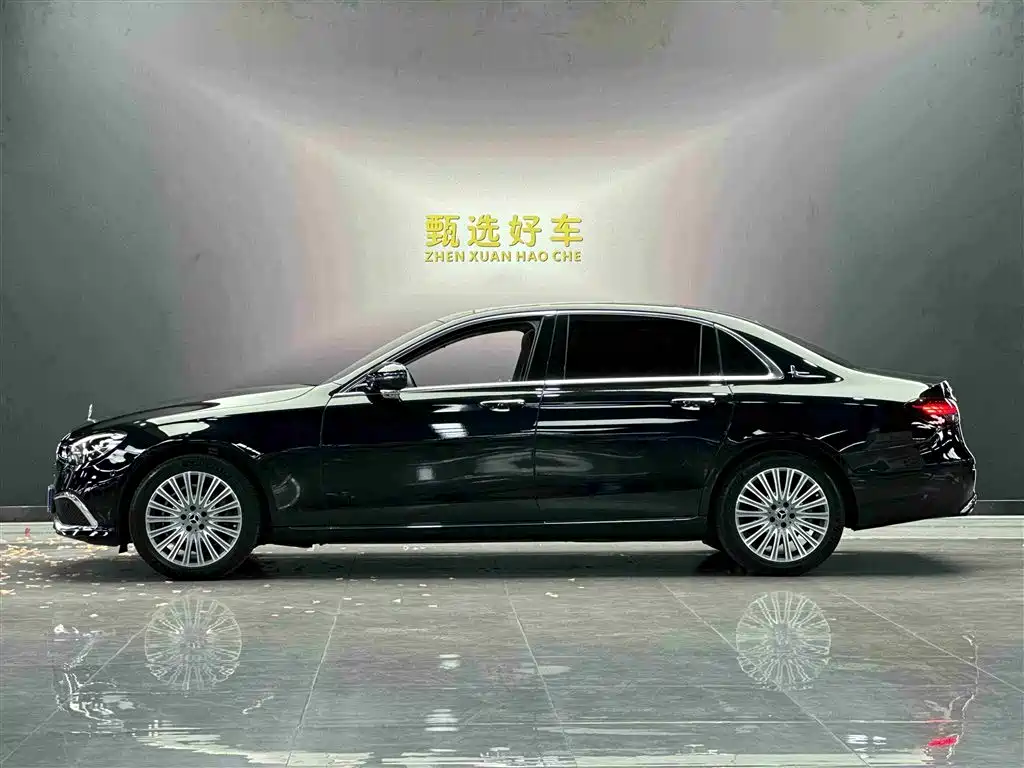 Mercedes-Benz E-Class 2021 facelift E 300 L luxury model купить на сайте DeffCars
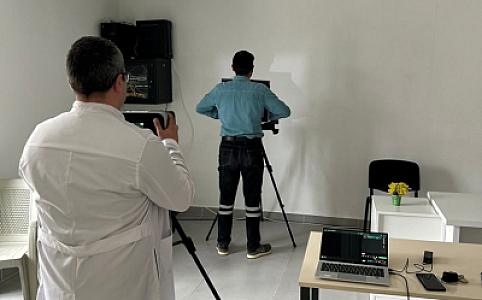 Laçına qayıdan sakinlər tibbi müayinədən keçiblər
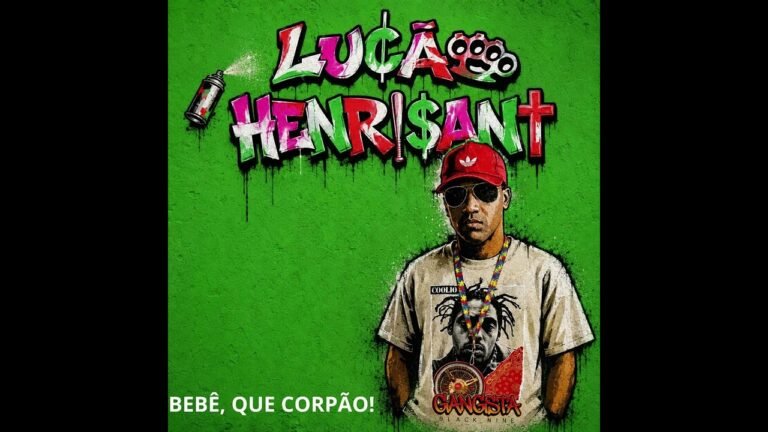 Lucão Henrisant – Bebê, Que Corpão! (Letra & Video)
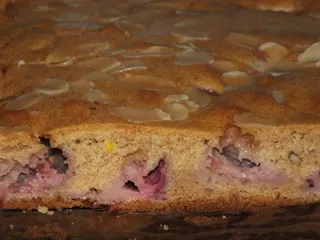 Dietetycznie ciacho z truskawkami - 9
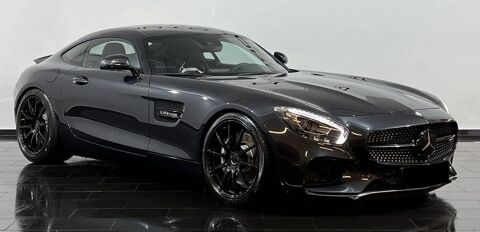 Mercedes AMG GT Coupé 476 ch BA7 2016 occasion Marseille 13001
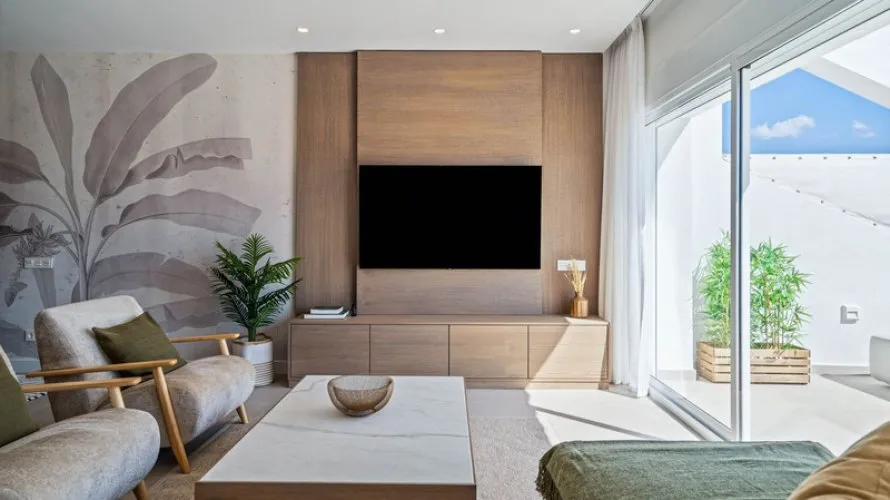 Apartamento de 3 dormitorios en La Quinta, Spain No. 565 № 3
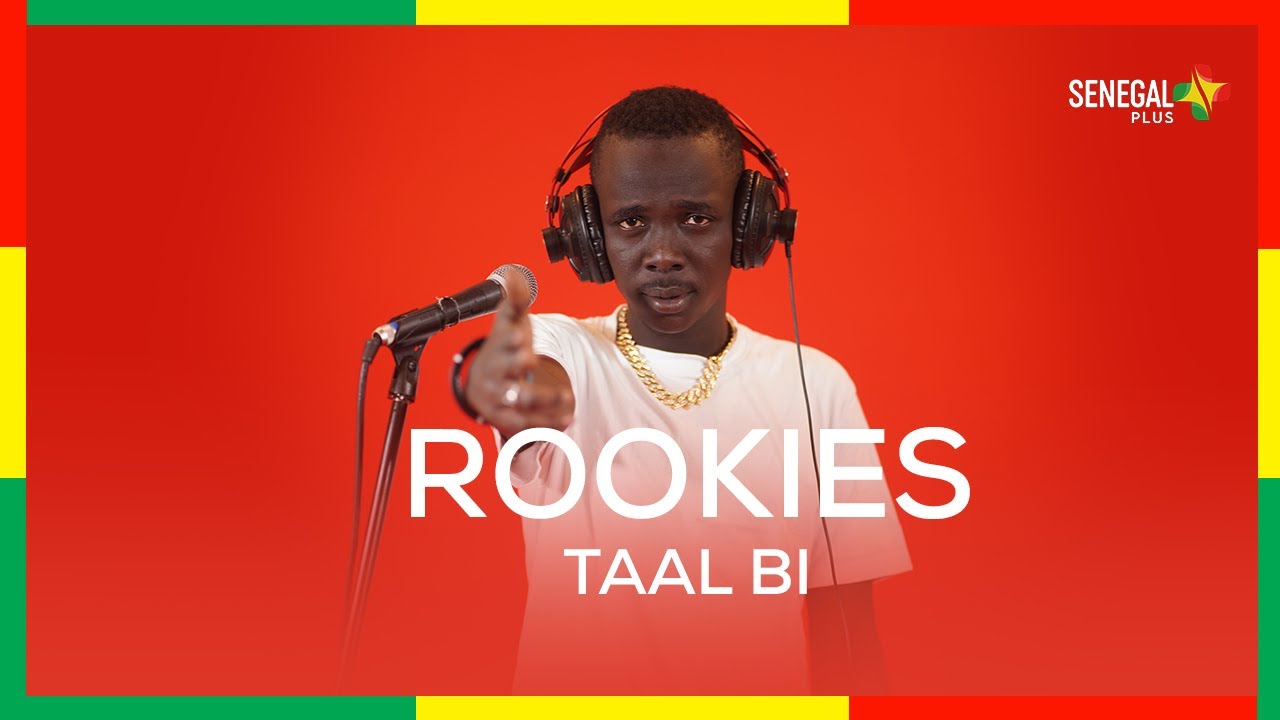 Taal Bi live - ROOKIES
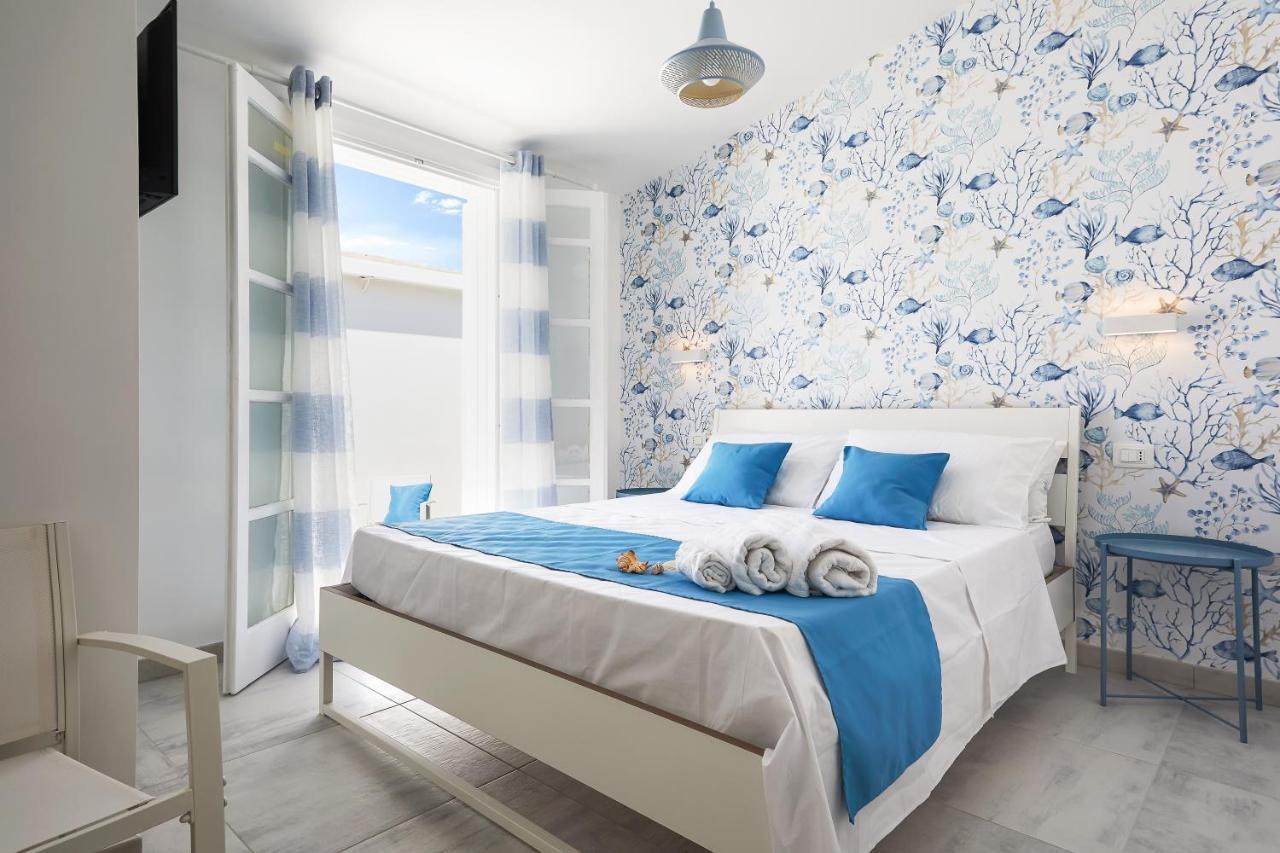 I Gufi Bed & Breakfast Marzamemi Bagian luar foto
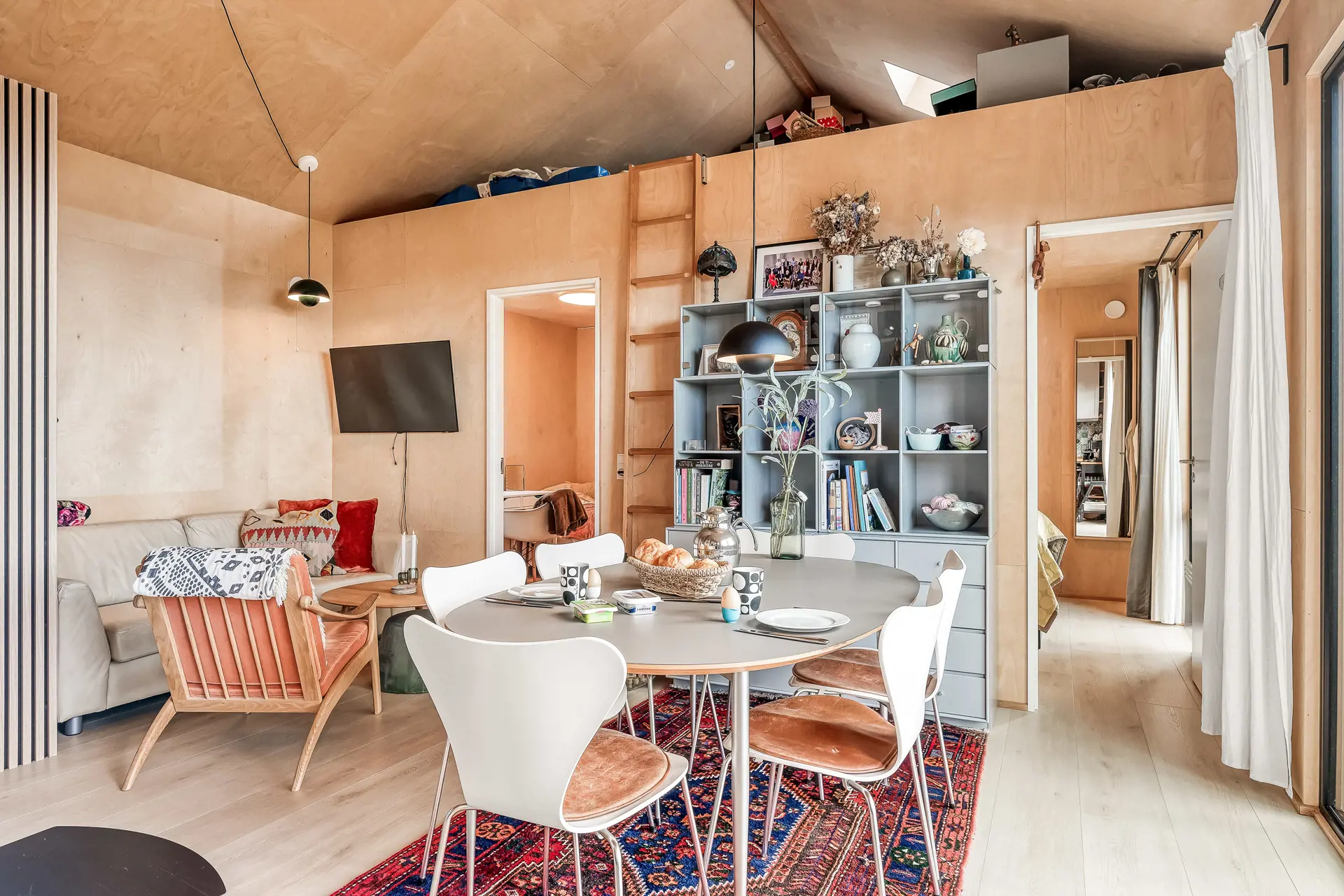 Ferienhaus 27-2055 in Sjelborgdalen 12, Ho Bucht | Bild 8 von 27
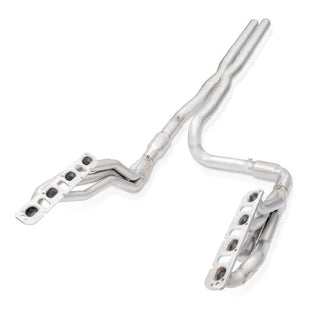 Stainless Works Long Tube Headers & Mid Pipes: Dodge Ram 5.7L Hemi 2019 - 2023 (1500)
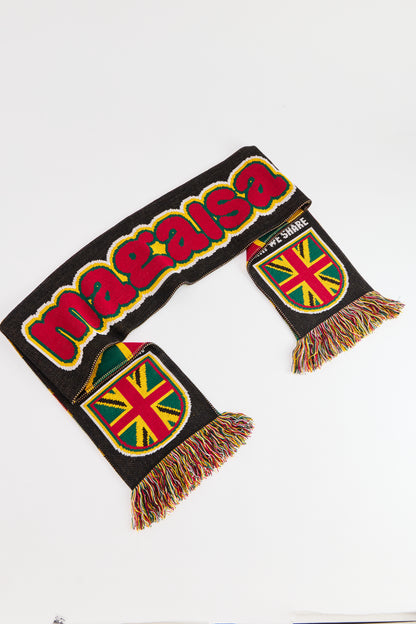 Pan-Union Scarf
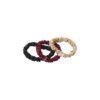 SLIP X SKIMS REN SILK SKINNY SCRUNCHIES 3-PAK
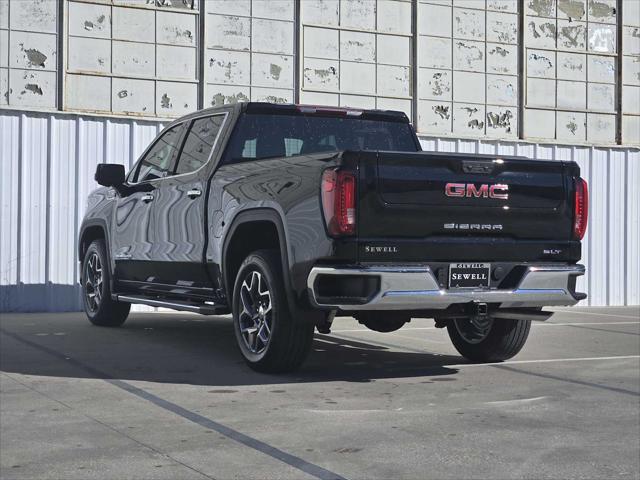 new 2025 GMC Sierra 1500 car, priced at $61,490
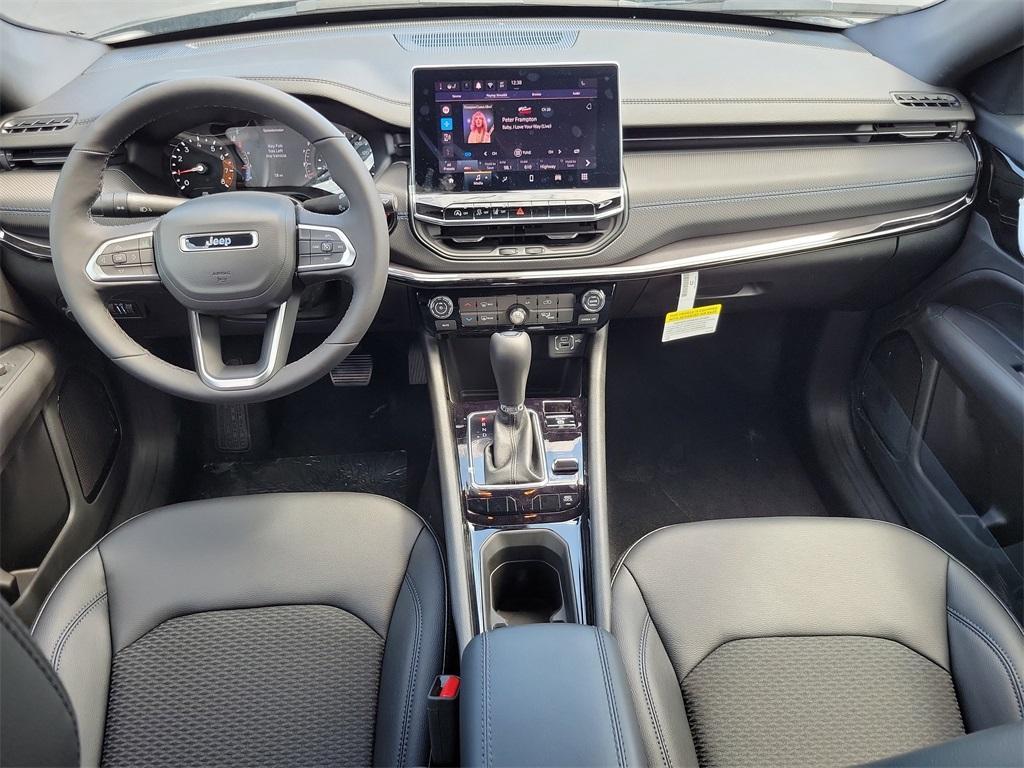new 2025 Jeep Compass car, priced at $28,255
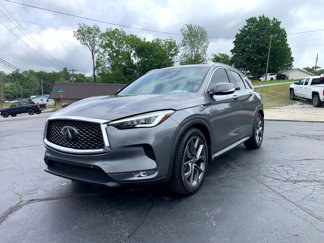 Used 2021 INFINITI QX50 Autograph image 1
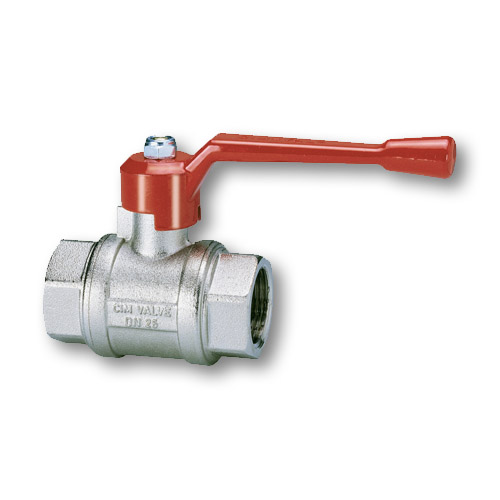 شیر گازی با پاساژ(عبوری)کامل مدل CIM 10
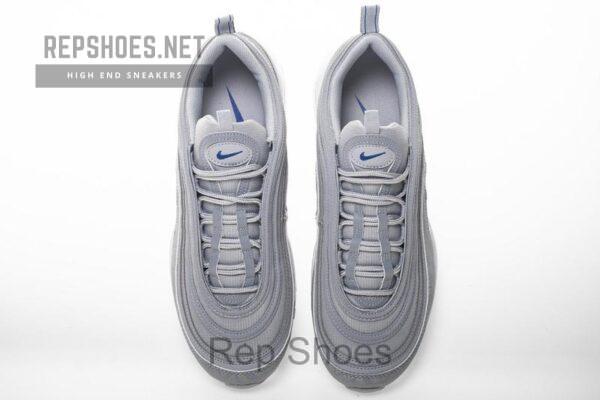 Nike Air Max 97 “Silver Grey” BQ3165-001 - Image 3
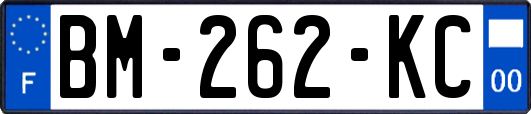 BM-262-KC
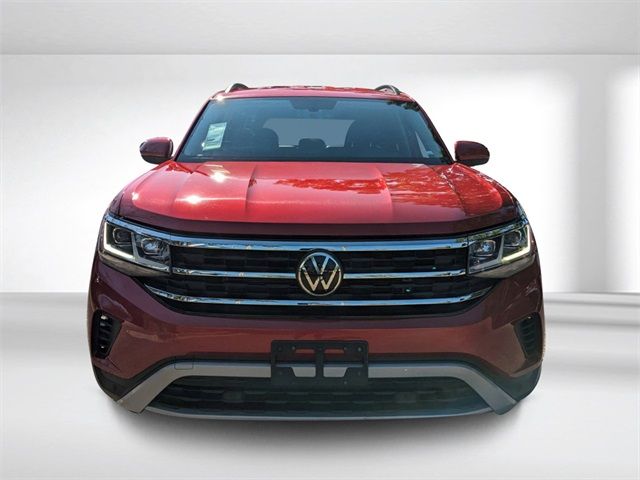 2022 Volkswagen Atlas 3.6L V6 SE Technology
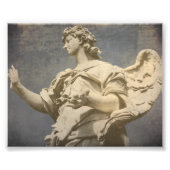 Angel 14 foto afdruk (Voorkant)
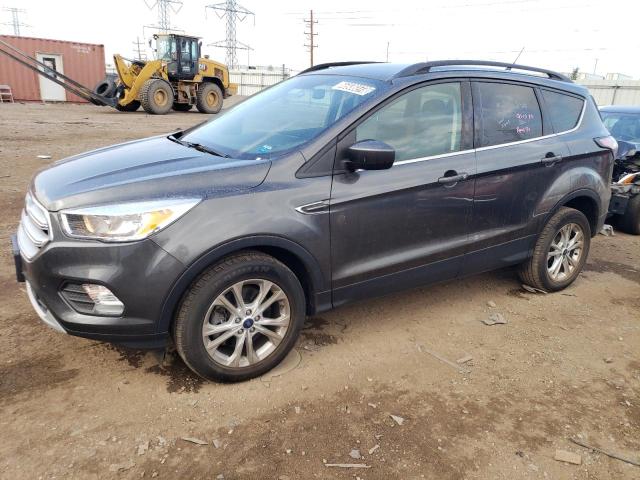 FORD ESCAPE SE 2018 1fmcu9gd9jud40235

EXERCISE REQUIREMENTS
Of the lines above, quote exactly those from the one with "Pan-Union Scarf" through the one with "2022 Volkswagen Atlas 3.6L V6 SE Technology", ends included; pictures stay out.

TASK OUTPUT
 Pan-Union Scarf
 SLIP X SKIMS REN SILK SKINNY SCRUNCHIES 3-PAK
 new 2025 GMC Sierra 1500 car, priced at $61,490
new 2025 Jeep Compass car, priced at $28,255
 Used 2021 INFINITI QX50 Autograph image 1
 شیر گازی با پاساژ(عبوری)کامل مدل CIM 10
 Nike Air Max 97 “Silver Grey” BQ3165-001 - Image 3
 BM-262-KC
 2022 Volkswagen Atlas 3.6L V6 SE Technology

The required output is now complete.